Total cost: $360 million. That’s just over 17 times Pacers All-Star Victor Oladipo’s salary this season—but less than the $387.2 million LeBron James will have earned in his career by the end of the 2021–2022 season.
You won’t be kicking off June with Justin Timberlake. At least, not at the Fieldhouse. For the next two years, the arena will forgo summer events while it gets its glow-up.
And The Indiana Fever are taking a trip north. Since most of the work will take place when the Pacers are off—and the Fever are normally the ones hitting the court—Butler University’s Hinkle Fieldhouse stepped up to host them for the next two seasons and part of a third. At 9,100 seats, Hinkle has about half the 20,000-seat capacity of Bankers Life. So the stands will be fuller for the average 6,311 fans who show up to Fever games these days.
The deal locks in the Pacers for the long haul.
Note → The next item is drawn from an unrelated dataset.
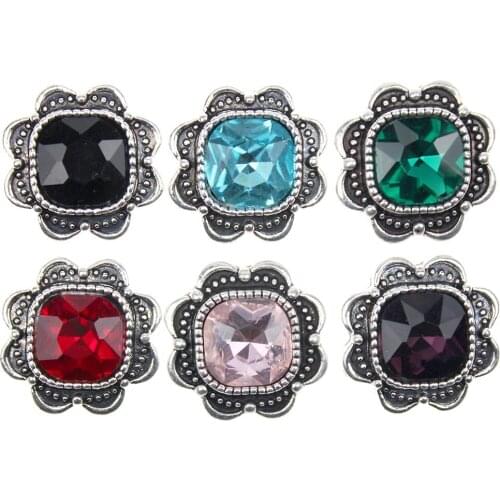 10PCS/Lot Mix Colors Round DIY Square Rhinestones Birthstone 18mm Snap Button Metal Buttons for Women Snap Jewelry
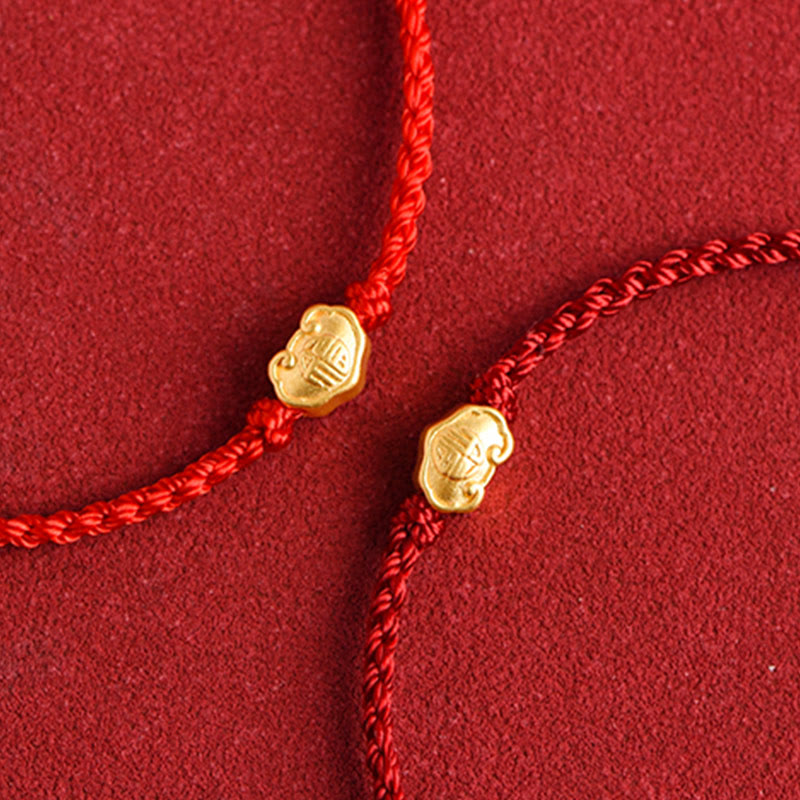 KarmaRipple's 999 Gold Chinese Lock Talisman Fu Character Protection Handmade Rope Bracelet p16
The renovations are part of an $800 million deal that will keep the Pacers in Indy for the next 25 years. But that’s just the beginning. “The plan is for the team to remain in Indiana forever,” Raines says.
They’ll start small. Visitors in town for the 2021 NBA All-Star Game probably won’t even notice much of a difference. The heavy lifting comes after the league’s blue bloods leave: breaking ground on that Rockefeller-worthy skating rink, adding an outdoor terrace overlooking Pennsylvania Street, and spiffing up the suites.
The Fieldhouse folks want to strike fear into your heart. Specifically, a fear that everyone else is having more fun than you if you don’t show up. An outdoor plaza near the Pennsylvania Street entrance will host events year-round, from movie screenings and farmers markets in the summer to ice-skating in the winter. “What we really want to do is to create a strong sense of FOMO,” Raines says.
No more fumbling for your phone flashlight in the nosebleeds. The Fieldhouse will remove the top eight rows of seats to create horseshoe-shaped gathering spaces, plus observation decks ideal for sunset-gramming. “The top of the building will start to come alive,” Raines says.
Night off? Not likely. Count on more events—and greater variety. “With the new plaza, we can have events going on indoors and outdoors simultaneously,” says Brent Rockwood, head of corporate, community, and public relations at Pacers Sports & Entertainment. “We want to be busy every night of the week.”